Editor’s note: This story is a part of ecoRI News’ Rhody Riders series, a collection of stories about people who choose to live without a car and use a combination of walking, bicycling, and public transit to get around the Ocean State.

PROVIDENCE — Jonathan Flynn has ridden the bus for decades.

Sitting at Coffee Exchange on Wickenden Street with a cup of joe and a Motif Magazine in front of him on a recent July afternoon, he recalled a summer he worked in Newport when he was younger and ferried himself back and forth on the bus.

“You never know what you are going to see on the bus,” Flynn said. That summer, he saw a couple getting a little too frisky, and met a smuggler who dealt only in cash and didn’t have a credit card to rent a car.

Now 65, Flynn said he takes the bus or walks most places. He got rid of his car 11 years ago, when the economy was tanking and, he said, he “needed to downsize my life in a hurry.”

He moved to a smaller place in an area of Pawtucket that was a 5-minute walk from the (currently closed) South Attleboro train station and has a bus stop nearby.

“I have a nice bus and I like to walk, and the combination of those things worked for me,” he said. “I found a way to decompress my life.”

Flynn said he has always had a sense of adventure, something he said is useful when riding public transit.

Flynn attended college in Dublin, Ireland, where no one had a car. “It’s not stigmatized to me,” he said. “It’s just an automatic that you learn the public transit system.”

The car-free life has worked so well for him that when his driver’s license came up for renewal recently, he opted for a state ID instead.
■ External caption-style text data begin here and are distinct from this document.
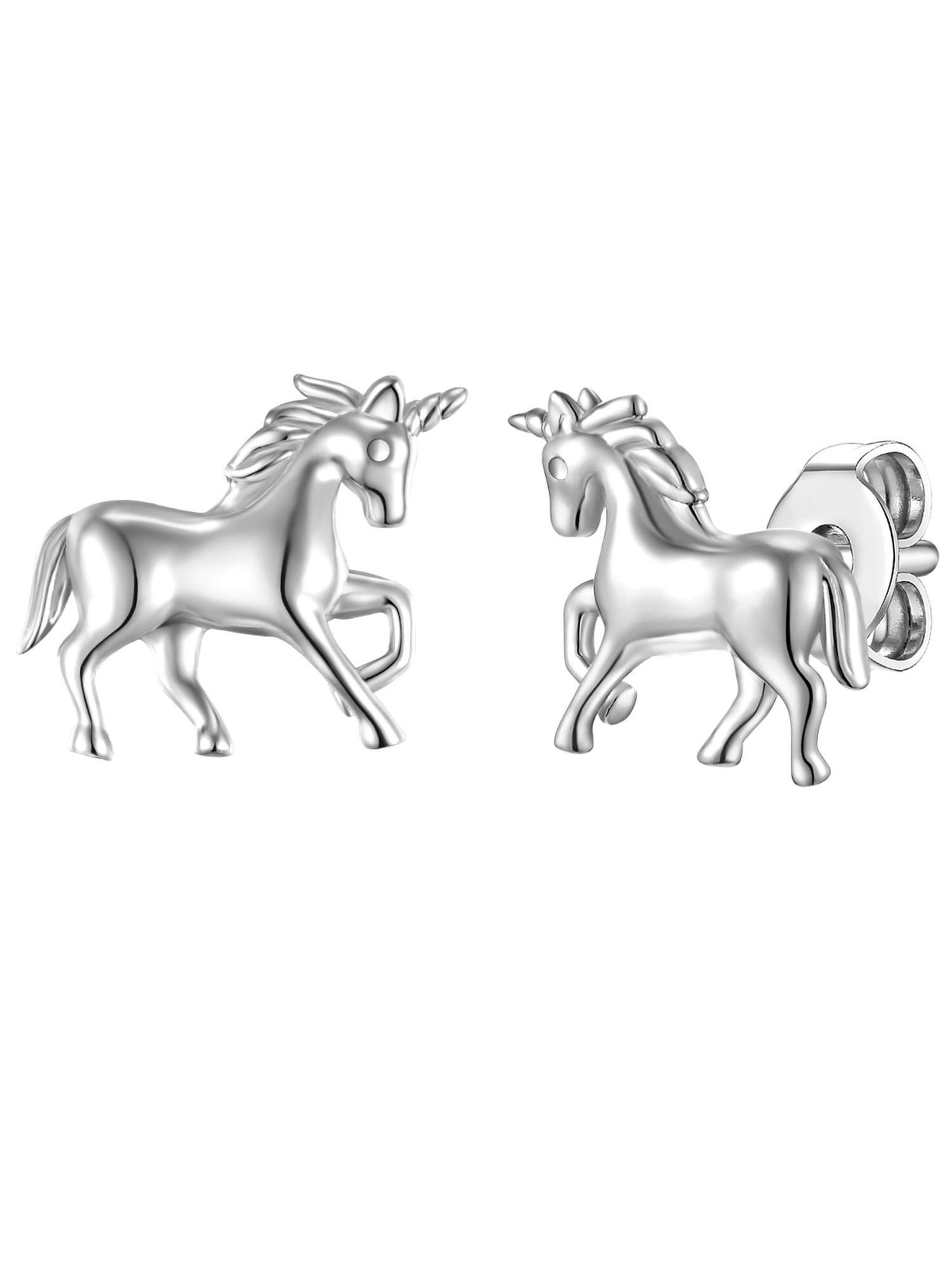 Glanzstücke München - Joyería en plata: frente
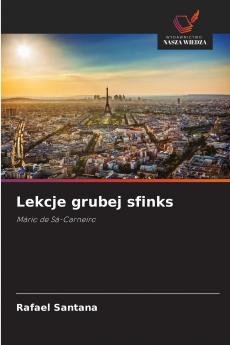 Lekcje grubej sfinks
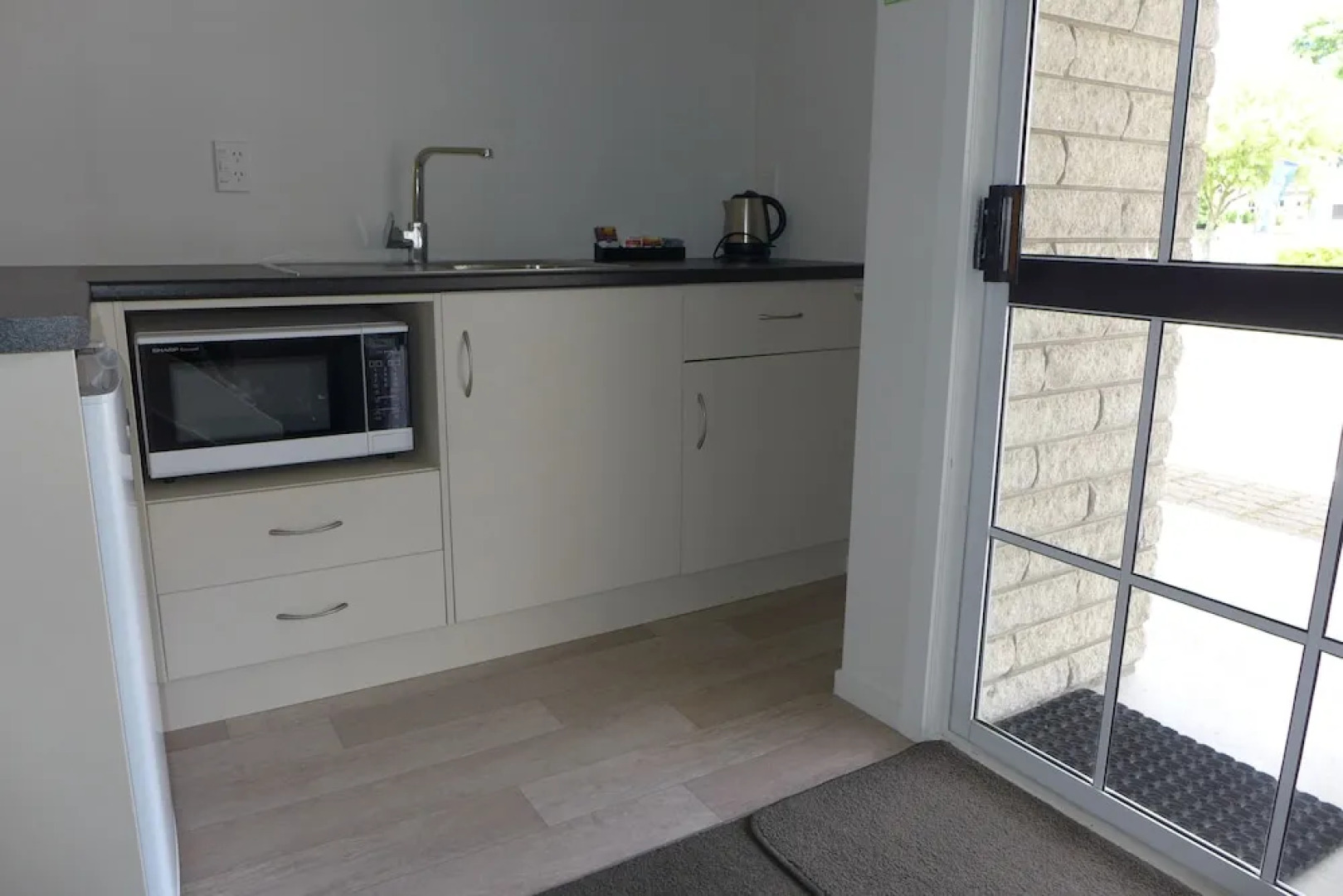 Midway Motel Rotorua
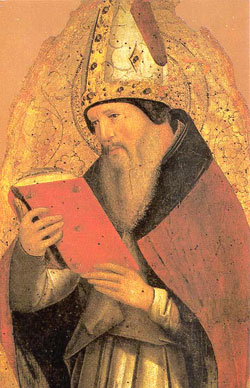 Image of St. Aurelius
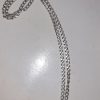 گردنبند نقره زنانه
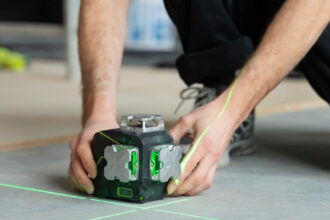 Comment choisir un laser multiligne vert pour vos projets ?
He most frequently takes the Nos. 1 and 35 buses. He loves that the R-line is currently free, and wishes fares could be waved for the whole system.
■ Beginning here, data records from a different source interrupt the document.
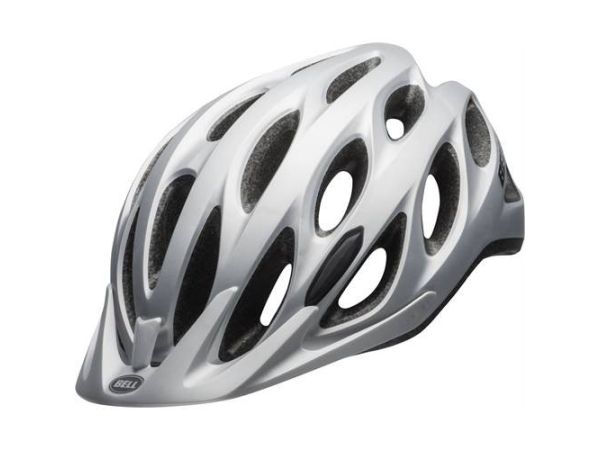 Bell Tracker - Silver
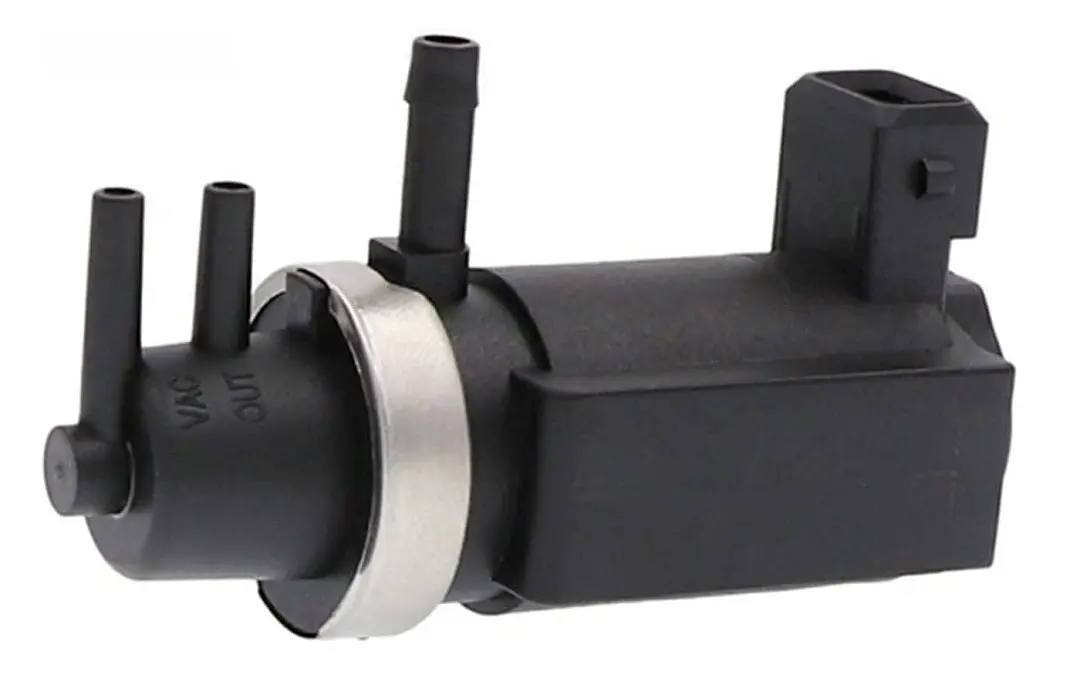 Boost Control Valve Pressure Solenoid For Nissan Navara D40 14956-Eb70a 2
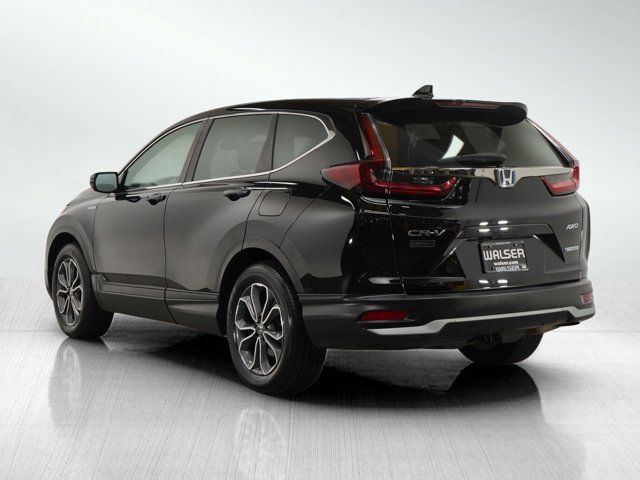 2022 Honda CR-V Hybrid EX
“As much as I love [the Rhode Island Public Transit Authority], it needs some help,” he said.

One of his biggest complaints is the lack of late-night transport. Flynn, who is semi-retired, previously worked in communications and lobbying, and now takes some shifts at The Met, a music venue in Pawtucket. When he gets out of work at 10 or 11 p.m., sometimes a ride-share is his best option — but also expensive.
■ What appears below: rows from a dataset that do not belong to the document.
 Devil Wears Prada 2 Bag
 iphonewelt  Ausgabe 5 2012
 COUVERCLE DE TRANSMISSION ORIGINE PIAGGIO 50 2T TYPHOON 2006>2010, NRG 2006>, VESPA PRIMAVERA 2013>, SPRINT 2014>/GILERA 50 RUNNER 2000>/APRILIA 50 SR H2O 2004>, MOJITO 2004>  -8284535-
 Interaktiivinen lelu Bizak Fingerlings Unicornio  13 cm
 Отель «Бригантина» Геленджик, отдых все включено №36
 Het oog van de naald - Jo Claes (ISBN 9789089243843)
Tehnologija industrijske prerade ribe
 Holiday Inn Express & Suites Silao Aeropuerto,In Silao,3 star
“You should be able to get to the far side of everywhere at 11,” he said.

But taking public transit also has nice moments. He ran into some old friends on a bus from Pawtucket to Providence for Brown University’s annual campus dance and reunion weekend last year. And he’s also seen plenty of acts of kindness.

Taking public transit comes down to the fact that “there are buses that go to where I need to get to,” he said, before he finished his coffee and hurried off to catch his next ride.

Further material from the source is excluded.